DATA TO EXAMINE below:

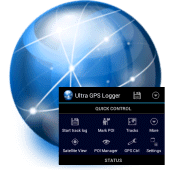 Ultra GPS Logger Lite Apk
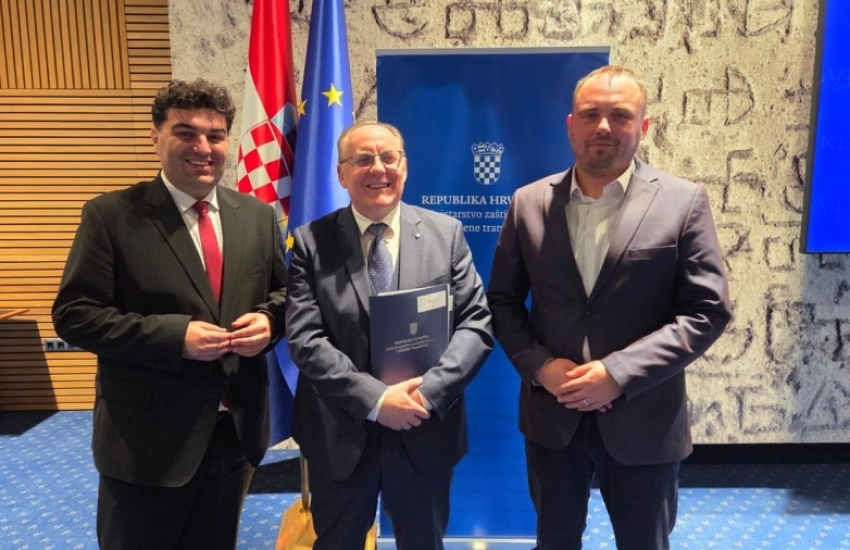 Za izgradnju RCGO Piškornica odobreno 56 milijuna eura bespovratnih sredstava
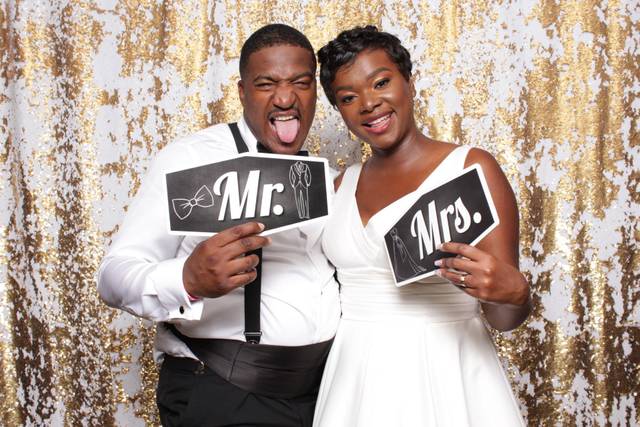 Mr and Mrs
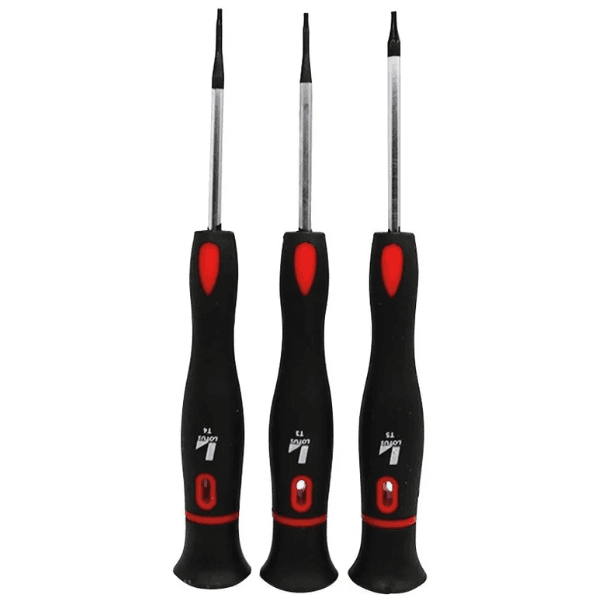 Jogo De Chaves Torx Celular T3 T4 E T5 – Lotus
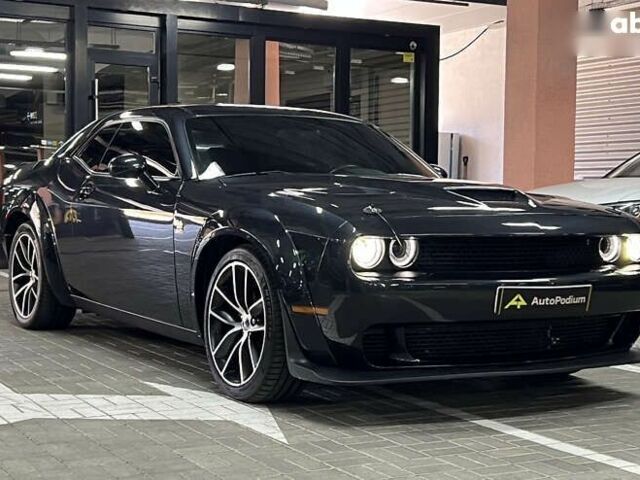 Додж Челенджер, объемом двигателя 6.4 л и пробегом 108 тыс. км за 33900 $, фото 6 на Automoto.ua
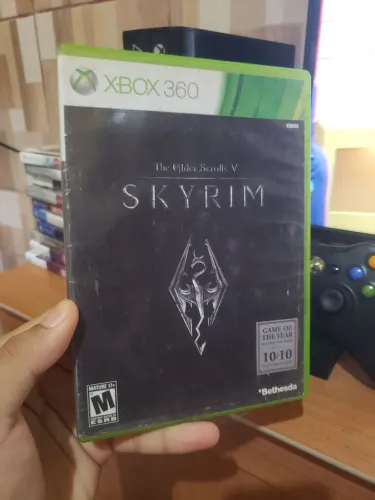 The Elder Scrolls V: Skyrim (Xbox 360)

End of DATA TO EXAMINE.

ASSIGNED TASK |
The lines wanted run from the line containing "Za izgradnju RCGO" through the end of the entries; return them exactly, both ends included, and keep pictures out.

EXERCISE ANSWER |
 Za izgradnju RCGO Piškornica odobreno 56 milijuna eura bespovratnih sredstava
 Mr and Mrs
 Jogo De Chaves Torx Celular T3 T4 E T5 – Lotus
 Додж Челенджер, объемом двигателя 6.4 л и пробегом 108 тыс. км за 33900 $, фото 6 на Automoto.ua
 The Elder Scrolls V: Skyrim (Xbox 360)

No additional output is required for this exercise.